President Barack Obama's pledge to shut down the prison at Guantanamo Bay will not be honored until at least a year after his self-imposed deadline, according to the man in charge of the facility, Britain's The Independent newspaper reported Thursday.
In his first interview since taking up the post three months ago, Admiral Jeffrey Harbeson said he is yet to receive direct orders to begin the transfer of prisoners from the U.S. naval base in Cuba so he can close the detention facility.
And he said that even if Obama implemented such an order today it would take six months to complete the job.
This would mean any closure would come a year after the January 2010 deadline imposed by the president when he signed an executive order in 2009.

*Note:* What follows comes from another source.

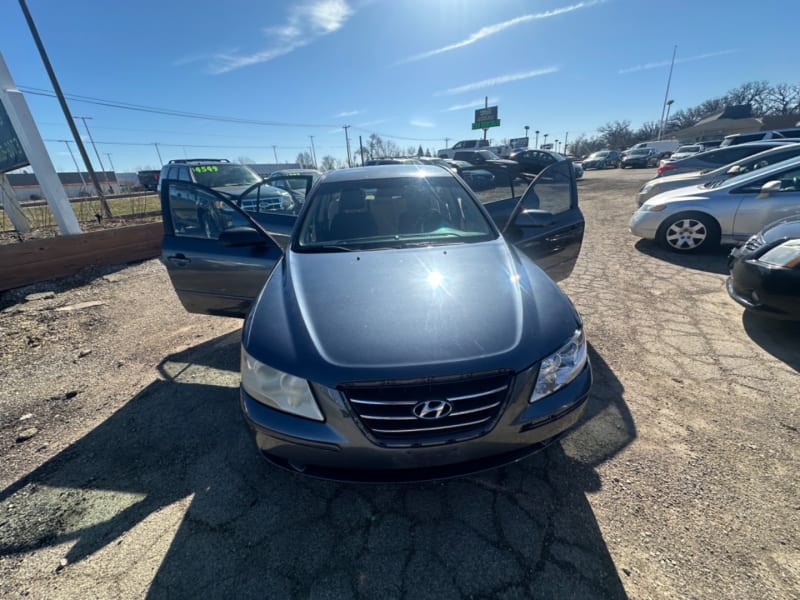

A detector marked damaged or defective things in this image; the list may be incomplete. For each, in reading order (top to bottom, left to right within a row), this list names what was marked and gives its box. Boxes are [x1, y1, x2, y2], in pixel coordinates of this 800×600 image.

cracked asphalt pavement [0, 166, 796, 596]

Admiral Harbeson, the 10th commander of the camps since they were opened in January 2002, said as a "ball-park figure" it would take his Guard Force six months to close Guantanamo.
Asked if he had received an instruction to implement Obama's order, he replied: "No."
On the closure operation he added: "Any movement of the detainees that we do will mean there are a lot of folks who go with them to ensure safety and security -- [that means] medical personnel, regular security and interpreters."
He continued: "Once you do that, [and] the detainees are safely transported to different locations, then you come back to the infrastructure and the security aspect and the personnel who are here, turning off the lights, turning off the power..."
The stalled timetable on closing the facility reflects growing opposition from the U.S. public and Congress to the transfer of the 176 detainees to the U.S. mainland.